# Free Book - DIY: Wooden Fly Boxes



## Gary Salisbury (Dec 7, 2015)

I have written a free eBook entitled "DIY: Wooden Fly Boxes," a guide on how to build wooden fly boxes with a router and would like to share this fun project with all the readers. 

I posted it on Pinterest in JPG format (Link to pinterst removed--not linked to plans--MODERATOR)

It is also available in PDF format that I can email to anyone who wants a free copy. (email a request to: ******X)
(EDIT BY MODERATOR--Please PM this member for our free copy--he will respond-Mike)

I posted the JPG version to the PHOTOS section of this site.

Is there any way to upload the PDF file on this site for distribution? 

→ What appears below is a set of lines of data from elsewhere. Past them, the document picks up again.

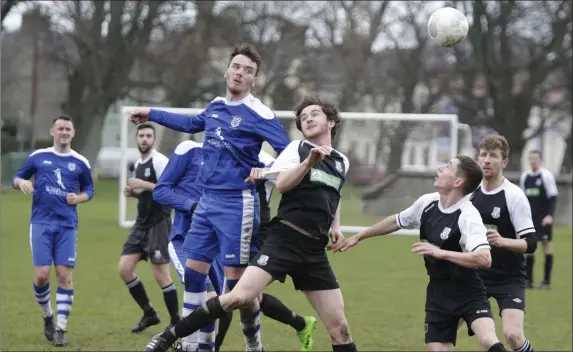  ??  ?? Anto Byrne of Ashford Rovers gets his head to the ball ahead of Evan Moran of Newtown United.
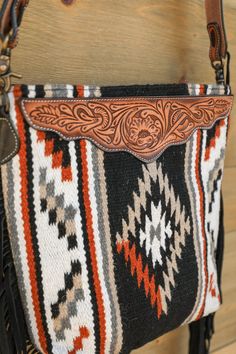 Glendive Wool Tooled Leather Crossbody Bag Glendive is a beautiful uniquely designed bag for any occasion! This tooled leather crossbody features black and brown Aztec wool body adorned with tooled leather accent, removable tooled leather shoulder strap, black fringe, zippered top closure, cotton liner, interior zipper pocket, and 2 interior slip pockets. Add western flair to any outfit with this beauty! Product Details Black Brown Aztec Wool Body Tooled Leather Accent Removable Tooled Leather S Black Hand Tooled Tote Shoulder Bag, Black Hand Tooled Tote Bag, Artisan Black Crossbody Shoulder Bag, Artisan Black Crossbody Bag, Black Hand Tooled Artisan Bag, Black Artisan Hand-tooled Bag, Artisan Hand Tooled Black Bag, Artisan Hand-tooled Black Bag, Artisan Black Hand-tooled Bag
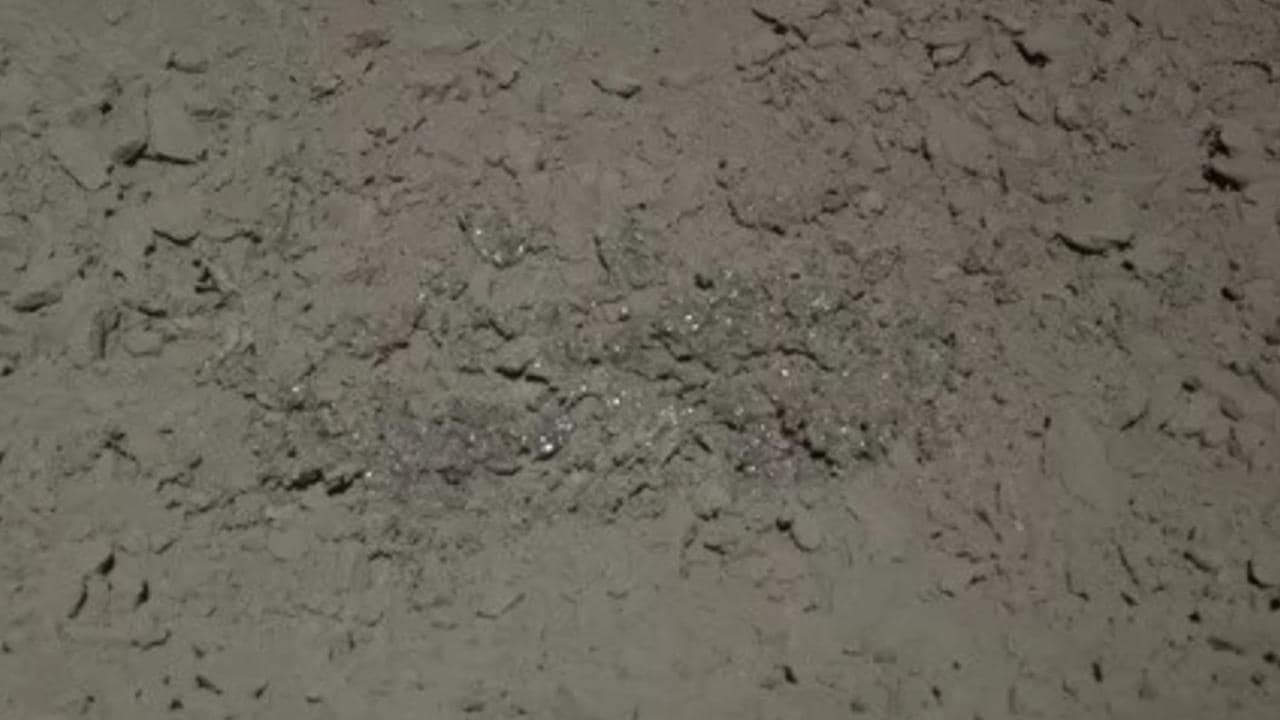 China's Yutu 2 moon rover captured this image of glassy material from the edge of a small crater. Image courtesy: CNSA/CLEP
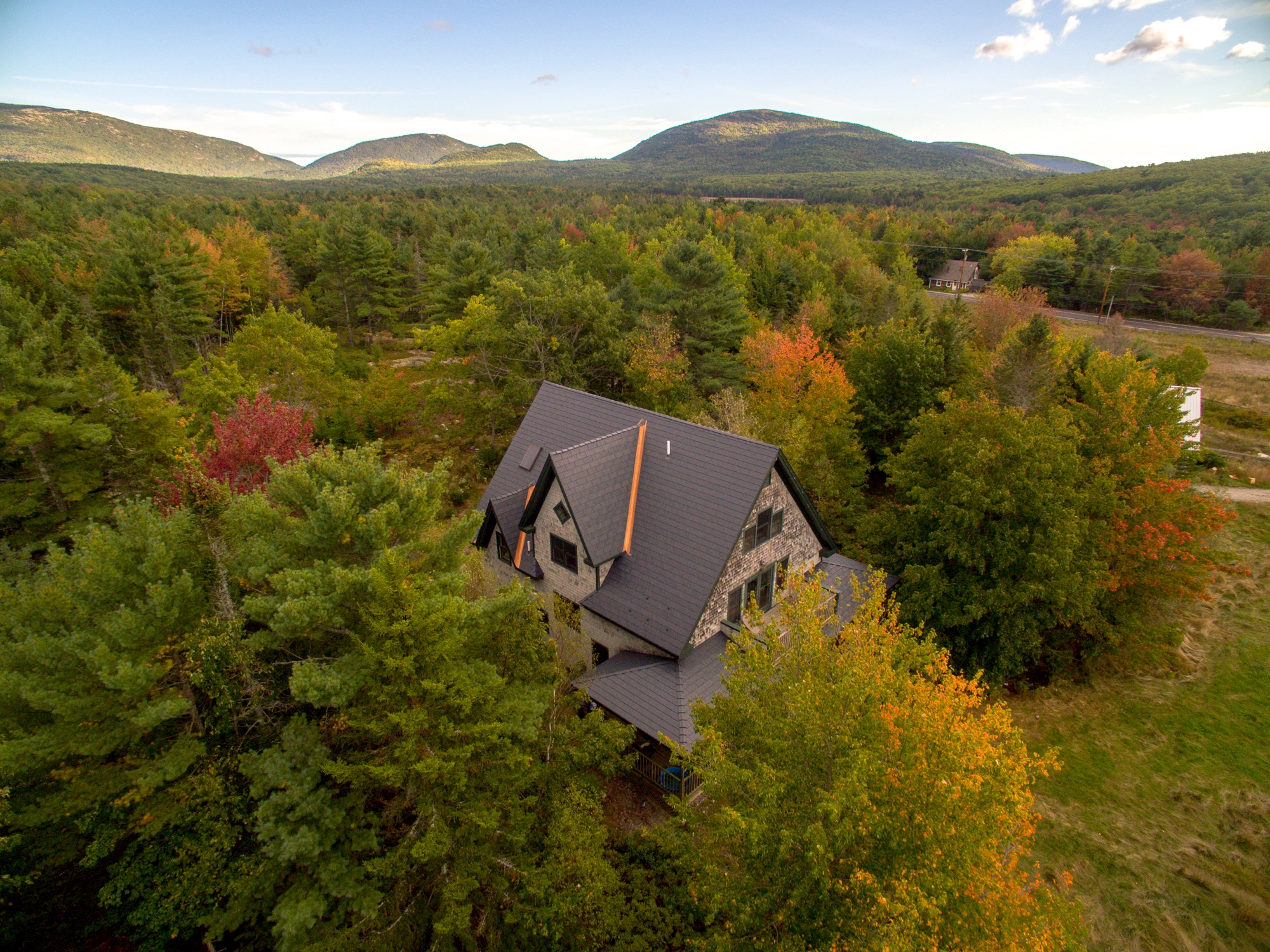 Deep Charcoal Interlock Cedar Shingle aluminum roof on a deep charcoal metal roof on a modern home in a forested, Bar Harbor, Maine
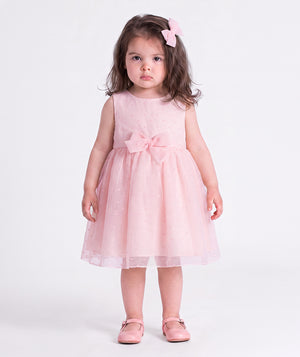 Front view of the Swiss Dot Pink Baby Girl Dress by Mama Luma, featuring a soft pink special occasion silhouette for baby girls.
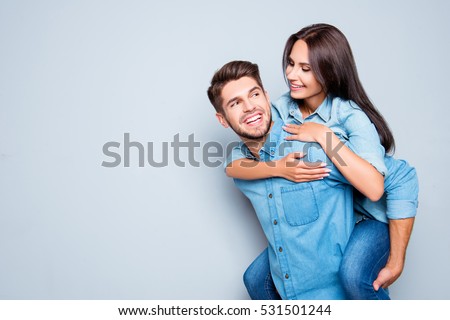Happy  man carrying his girlfriend on the back on gray background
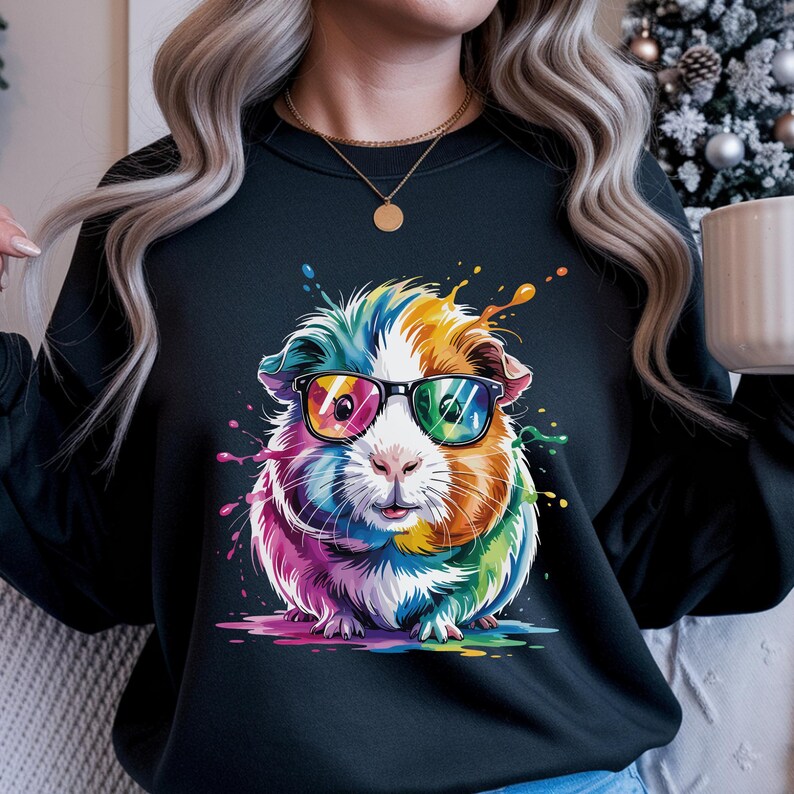 May include: Black sweatshirt featuring a colorful guinea pig wearing glasses. The guinea pig is depicted with rainbow-colored fur and a playful expression. Splashes of paint in various colors surround the guinea pig, adding to the whimsical design.
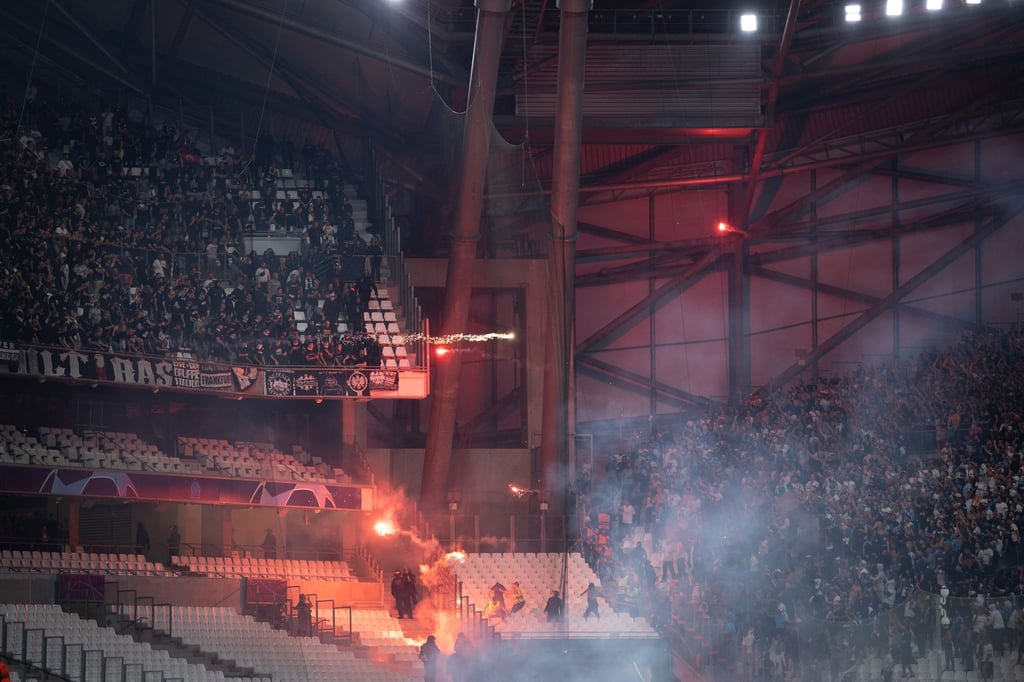 die Blöcke der Ultras der Eintracht (l) und von Marseille beschießen sich mit Feuerwerk.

Please let me know if it is OK to offer my free eBook to your readers. Again, it is free and I am not trying to make money from it. I just want to share this fun project.

Thanks,
Gary Salisbury


----------



## johnep (Apr 12, 2007)

If you reveal your email address on forum, the spambots will get you.
johnep


----------



## Gary Salisbury (Dec 7, 2015)

Thanks, John. I'm having trouble figuring out how to edit it out now.....


----------



## StanBo (Dec 8, 2015)

I just sent you an email, thanks!


----------



## Gary Salisbury (Dec 7, 2015)

I may have inadvertently posted the link to my main Pinterest page but I can't tell because Mike edited it out. 

This link will take you directly to the Flybox book: (Note: you need to be signed up for Pinterest but they will not sell your email or spam you)

https://www.pinterest.com/garydsalisbury/woodworking-fly-boxes/

Or you can click on My Photos under my name in this message.

Or PM me and I will email a PDF copy to you. 

Sorry if I screwed up anything. I'm just trying to do a service to the community before I kick the bucket.


----------